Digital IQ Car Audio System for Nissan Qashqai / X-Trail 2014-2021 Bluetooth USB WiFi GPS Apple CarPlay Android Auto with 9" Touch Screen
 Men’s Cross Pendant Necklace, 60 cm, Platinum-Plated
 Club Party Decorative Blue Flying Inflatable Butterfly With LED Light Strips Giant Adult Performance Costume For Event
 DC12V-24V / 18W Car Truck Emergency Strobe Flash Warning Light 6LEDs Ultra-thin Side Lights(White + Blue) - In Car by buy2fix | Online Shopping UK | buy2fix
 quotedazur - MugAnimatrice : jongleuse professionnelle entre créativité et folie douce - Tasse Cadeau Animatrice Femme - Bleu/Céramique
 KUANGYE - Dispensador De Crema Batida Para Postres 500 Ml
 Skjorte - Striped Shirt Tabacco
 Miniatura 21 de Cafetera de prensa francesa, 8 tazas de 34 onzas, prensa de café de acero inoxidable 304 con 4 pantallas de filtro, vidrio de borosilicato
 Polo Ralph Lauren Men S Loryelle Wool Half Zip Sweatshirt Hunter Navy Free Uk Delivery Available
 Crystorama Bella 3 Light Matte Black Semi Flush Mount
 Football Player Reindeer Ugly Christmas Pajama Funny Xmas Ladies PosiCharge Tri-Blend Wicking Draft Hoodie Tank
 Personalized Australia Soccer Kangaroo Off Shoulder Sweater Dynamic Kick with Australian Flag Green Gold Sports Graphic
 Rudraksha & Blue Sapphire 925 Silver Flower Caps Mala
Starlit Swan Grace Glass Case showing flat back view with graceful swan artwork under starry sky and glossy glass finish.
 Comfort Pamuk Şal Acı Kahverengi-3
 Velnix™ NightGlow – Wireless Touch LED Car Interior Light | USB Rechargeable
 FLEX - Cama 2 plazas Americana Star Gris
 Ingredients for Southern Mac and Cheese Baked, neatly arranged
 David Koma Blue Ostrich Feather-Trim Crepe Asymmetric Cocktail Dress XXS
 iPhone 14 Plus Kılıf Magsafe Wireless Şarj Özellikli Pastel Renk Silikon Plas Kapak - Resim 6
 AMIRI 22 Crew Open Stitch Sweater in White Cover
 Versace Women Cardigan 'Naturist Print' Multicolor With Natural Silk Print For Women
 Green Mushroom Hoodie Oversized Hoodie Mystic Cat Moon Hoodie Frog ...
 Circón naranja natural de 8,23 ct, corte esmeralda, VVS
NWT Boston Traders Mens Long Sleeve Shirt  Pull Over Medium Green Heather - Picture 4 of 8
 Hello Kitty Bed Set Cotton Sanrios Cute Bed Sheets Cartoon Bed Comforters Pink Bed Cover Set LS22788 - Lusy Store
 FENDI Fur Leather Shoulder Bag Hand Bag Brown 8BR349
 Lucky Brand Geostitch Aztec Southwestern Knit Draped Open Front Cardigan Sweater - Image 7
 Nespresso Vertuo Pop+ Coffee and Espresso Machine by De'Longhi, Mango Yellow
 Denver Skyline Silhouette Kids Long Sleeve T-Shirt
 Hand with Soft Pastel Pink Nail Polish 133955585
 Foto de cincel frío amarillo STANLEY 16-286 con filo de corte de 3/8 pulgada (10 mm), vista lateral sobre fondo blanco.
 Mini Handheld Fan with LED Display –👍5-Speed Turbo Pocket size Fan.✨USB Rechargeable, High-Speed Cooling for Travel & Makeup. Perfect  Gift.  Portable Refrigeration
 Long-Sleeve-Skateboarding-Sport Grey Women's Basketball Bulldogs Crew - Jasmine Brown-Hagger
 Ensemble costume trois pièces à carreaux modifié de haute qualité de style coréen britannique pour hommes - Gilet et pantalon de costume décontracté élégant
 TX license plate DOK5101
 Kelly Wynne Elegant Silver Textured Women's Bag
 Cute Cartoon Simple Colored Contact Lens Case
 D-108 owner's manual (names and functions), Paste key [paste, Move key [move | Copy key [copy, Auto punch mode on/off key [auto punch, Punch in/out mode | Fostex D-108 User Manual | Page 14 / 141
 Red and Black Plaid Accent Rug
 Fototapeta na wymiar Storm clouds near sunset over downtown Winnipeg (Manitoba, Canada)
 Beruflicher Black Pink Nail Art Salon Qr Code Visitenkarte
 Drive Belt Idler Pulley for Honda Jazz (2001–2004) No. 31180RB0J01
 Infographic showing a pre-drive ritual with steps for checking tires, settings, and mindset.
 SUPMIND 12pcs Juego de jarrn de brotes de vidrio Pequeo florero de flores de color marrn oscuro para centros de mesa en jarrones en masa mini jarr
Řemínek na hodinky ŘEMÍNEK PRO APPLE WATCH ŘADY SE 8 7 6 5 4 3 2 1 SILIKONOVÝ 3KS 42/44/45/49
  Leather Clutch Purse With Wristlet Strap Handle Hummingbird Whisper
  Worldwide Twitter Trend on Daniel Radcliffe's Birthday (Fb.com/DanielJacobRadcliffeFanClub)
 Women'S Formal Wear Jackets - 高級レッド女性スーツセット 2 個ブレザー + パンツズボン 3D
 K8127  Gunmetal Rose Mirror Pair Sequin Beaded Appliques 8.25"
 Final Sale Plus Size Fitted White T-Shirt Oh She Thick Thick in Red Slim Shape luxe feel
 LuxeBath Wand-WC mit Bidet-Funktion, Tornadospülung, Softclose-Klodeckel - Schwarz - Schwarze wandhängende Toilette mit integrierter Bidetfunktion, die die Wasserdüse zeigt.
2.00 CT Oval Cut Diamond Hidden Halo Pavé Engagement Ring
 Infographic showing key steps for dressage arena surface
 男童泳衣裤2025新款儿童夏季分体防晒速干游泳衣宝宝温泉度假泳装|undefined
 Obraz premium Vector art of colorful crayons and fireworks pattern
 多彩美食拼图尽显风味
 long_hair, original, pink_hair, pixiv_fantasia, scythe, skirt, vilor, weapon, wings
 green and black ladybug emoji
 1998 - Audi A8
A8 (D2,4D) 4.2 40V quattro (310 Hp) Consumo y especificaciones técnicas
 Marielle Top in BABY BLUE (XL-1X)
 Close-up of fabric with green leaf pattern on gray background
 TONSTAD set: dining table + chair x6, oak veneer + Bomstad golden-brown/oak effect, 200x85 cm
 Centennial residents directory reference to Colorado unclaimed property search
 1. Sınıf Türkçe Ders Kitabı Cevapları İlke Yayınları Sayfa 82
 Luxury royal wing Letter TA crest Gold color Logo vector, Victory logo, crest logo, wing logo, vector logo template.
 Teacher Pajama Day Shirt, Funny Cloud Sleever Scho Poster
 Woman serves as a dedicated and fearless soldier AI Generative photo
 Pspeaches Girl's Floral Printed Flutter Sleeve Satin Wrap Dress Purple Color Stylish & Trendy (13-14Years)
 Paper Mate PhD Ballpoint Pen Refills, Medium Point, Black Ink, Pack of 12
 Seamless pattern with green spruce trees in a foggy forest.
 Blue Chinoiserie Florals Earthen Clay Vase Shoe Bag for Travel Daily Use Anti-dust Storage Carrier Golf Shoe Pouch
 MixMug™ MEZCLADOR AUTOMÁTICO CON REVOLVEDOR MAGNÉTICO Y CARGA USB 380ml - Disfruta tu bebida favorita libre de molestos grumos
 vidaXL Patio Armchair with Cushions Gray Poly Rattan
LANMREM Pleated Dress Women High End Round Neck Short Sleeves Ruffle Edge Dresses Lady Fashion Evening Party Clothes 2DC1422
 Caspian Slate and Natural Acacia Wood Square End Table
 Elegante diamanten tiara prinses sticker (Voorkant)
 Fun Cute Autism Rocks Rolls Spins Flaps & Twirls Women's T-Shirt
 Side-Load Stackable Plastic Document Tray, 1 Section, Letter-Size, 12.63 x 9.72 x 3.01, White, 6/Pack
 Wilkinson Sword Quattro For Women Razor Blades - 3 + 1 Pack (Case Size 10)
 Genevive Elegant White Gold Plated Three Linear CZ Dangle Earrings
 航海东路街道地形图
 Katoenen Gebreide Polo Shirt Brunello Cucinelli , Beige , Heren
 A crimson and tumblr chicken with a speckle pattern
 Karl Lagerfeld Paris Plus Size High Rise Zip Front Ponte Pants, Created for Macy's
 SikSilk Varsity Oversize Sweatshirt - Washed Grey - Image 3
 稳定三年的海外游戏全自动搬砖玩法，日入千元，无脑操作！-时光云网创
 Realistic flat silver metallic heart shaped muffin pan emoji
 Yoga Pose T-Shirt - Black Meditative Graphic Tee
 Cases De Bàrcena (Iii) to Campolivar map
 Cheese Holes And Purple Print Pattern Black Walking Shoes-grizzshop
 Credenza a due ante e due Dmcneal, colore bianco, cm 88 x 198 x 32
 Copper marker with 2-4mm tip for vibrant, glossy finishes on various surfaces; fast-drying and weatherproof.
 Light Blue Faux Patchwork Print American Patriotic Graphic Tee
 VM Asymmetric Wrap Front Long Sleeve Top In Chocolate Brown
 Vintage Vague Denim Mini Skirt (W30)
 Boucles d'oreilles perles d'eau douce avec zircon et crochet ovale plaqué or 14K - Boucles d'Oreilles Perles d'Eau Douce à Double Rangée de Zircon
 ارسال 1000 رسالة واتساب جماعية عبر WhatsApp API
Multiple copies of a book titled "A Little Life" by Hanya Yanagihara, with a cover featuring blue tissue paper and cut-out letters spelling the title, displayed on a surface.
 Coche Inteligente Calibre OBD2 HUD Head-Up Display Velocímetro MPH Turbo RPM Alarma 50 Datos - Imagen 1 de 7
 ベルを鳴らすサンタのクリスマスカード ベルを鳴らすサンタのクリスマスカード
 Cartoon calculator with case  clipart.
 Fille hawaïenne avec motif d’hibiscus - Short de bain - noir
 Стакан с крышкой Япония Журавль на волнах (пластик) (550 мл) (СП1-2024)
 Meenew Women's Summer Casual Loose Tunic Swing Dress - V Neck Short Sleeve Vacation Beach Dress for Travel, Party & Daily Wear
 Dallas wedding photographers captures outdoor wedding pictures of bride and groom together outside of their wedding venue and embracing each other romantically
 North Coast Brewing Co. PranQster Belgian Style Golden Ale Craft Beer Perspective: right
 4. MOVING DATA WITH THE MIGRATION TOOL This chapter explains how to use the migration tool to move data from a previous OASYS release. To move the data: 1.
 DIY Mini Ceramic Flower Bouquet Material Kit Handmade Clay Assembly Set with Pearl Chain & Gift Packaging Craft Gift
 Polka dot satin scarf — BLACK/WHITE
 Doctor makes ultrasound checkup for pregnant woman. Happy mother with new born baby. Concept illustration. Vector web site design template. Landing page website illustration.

#### TASK DESCRIPTION
For the listing above, print only the lines starting at the line containing "vilor, weapon, wings" and ending at the line containing "TONSTAD set: dining", exactly, both included.

#### SOLUTION TO THIS PROBLEM
 long_hair, original, pink_hair, pixiv_fantasia, scythe, skirt, vilor, weapon, wings
 green and black ladybug emoji
 1998 - Audi A8
A8 (D2,4D) 4.2 40V quattro (310 Hp) Consumo y especificaciones técnicas
 Marielle Top in BABY BLUE (XL-1X)
 Close-up of fabric with green leaf pattern on gray background
 TONSTAD set: dining table + chair x6, oak veneer + Bomstad golden-brown/oak effect, 200x85 cm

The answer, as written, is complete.